Work to be completed: Your task is to repeat exactly the lines below between the line holding "Charlotte Arrowsmith in" and the line holding "Used 2022 GMC", inclusive, and only those.

Provided data:
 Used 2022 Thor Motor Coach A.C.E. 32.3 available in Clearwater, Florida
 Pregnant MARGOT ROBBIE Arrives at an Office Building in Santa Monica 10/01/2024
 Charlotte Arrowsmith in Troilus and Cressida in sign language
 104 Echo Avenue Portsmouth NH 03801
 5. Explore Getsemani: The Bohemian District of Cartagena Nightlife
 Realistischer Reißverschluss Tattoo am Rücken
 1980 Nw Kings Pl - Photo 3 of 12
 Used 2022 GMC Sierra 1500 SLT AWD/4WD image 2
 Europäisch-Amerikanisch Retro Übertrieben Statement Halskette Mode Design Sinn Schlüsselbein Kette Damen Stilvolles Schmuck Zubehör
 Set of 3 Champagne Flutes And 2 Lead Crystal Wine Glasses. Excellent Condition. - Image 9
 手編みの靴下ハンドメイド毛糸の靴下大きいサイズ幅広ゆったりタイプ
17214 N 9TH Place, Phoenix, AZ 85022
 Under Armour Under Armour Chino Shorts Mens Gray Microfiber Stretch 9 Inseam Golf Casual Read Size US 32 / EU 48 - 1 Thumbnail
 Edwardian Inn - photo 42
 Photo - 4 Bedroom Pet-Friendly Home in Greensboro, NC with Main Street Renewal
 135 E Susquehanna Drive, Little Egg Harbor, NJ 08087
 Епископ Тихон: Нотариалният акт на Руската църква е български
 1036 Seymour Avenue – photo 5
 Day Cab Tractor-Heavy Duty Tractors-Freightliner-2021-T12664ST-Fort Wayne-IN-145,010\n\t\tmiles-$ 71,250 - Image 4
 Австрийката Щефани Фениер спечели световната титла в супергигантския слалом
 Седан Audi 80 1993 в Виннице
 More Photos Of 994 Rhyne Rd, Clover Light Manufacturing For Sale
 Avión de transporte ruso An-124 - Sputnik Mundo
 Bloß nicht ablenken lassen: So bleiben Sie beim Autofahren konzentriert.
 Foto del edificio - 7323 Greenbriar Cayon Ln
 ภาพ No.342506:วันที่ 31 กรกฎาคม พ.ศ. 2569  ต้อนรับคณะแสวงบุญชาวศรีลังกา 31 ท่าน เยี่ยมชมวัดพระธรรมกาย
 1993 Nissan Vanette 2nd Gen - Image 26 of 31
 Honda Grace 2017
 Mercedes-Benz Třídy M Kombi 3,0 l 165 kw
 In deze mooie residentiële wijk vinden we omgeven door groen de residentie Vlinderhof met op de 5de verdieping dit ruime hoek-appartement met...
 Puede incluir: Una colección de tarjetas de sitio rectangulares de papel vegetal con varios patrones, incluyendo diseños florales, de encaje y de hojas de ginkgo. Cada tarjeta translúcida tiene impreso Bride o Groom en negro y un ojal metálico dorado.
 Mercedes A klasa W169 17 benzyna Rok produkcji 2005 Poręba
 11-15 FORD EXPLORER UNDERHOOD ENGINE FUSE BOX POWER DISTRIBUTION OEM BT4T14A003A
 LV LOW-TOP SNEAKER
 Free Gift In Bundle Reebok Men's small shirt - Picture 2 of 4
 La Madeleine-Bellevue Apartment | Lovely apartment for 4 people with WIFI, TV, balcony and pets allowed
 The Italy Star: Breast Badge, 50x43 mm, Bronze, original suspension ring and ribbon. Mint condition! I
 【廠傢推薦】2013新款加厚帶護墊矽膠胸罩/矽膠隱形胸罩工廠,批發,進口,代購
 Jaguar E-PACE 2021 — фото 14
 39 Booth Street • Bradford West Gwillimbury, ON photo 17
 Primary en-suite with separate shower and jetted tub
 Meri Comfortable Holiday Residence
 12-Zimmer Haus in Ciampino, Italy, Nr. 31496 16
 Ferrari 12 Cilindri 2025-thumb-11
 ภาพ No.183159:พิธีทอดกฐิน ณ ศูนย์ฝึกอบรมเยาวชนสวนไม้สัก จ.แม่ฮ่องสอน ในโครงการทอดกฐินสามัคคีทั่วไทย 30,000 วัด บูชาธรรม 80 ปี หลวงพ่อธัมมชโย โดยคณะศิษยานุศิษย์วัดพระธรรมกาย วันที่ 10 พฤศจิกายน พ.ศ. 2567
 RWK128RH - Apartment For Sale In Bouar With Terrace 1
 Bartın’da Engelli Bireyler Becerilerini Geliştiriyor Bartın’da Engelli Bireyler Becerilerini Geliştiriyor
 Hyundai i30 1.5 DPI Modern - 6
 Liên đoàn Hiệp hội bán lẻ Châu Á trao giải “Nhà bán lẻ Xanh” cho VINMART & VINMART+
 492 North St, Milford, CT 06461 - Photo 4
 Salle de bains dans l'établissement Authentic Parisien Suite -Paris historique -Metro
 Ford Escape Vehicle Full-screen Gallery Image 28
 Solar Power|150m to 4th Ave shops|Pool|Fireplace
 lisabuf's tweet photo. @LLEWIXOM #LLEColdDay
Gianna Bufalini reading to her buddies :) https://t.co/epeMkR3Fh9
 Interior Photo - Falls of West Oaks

Output of the exercise:
 Charlotte Arrowsmith in Troilus and Cressida in sign language
 104 Echo Avenue Portsmouth NH 03801
 5. Explore Getsemani: The Bohemian District of Cartagena Nightlife
 Realistischer Reißverschluss Tattoo am Rücken
 1980 Nw Kings Pl - Photo 3 of 12
 Used 2022 GMC Sierra 1500 SLT AWD/4WD image 2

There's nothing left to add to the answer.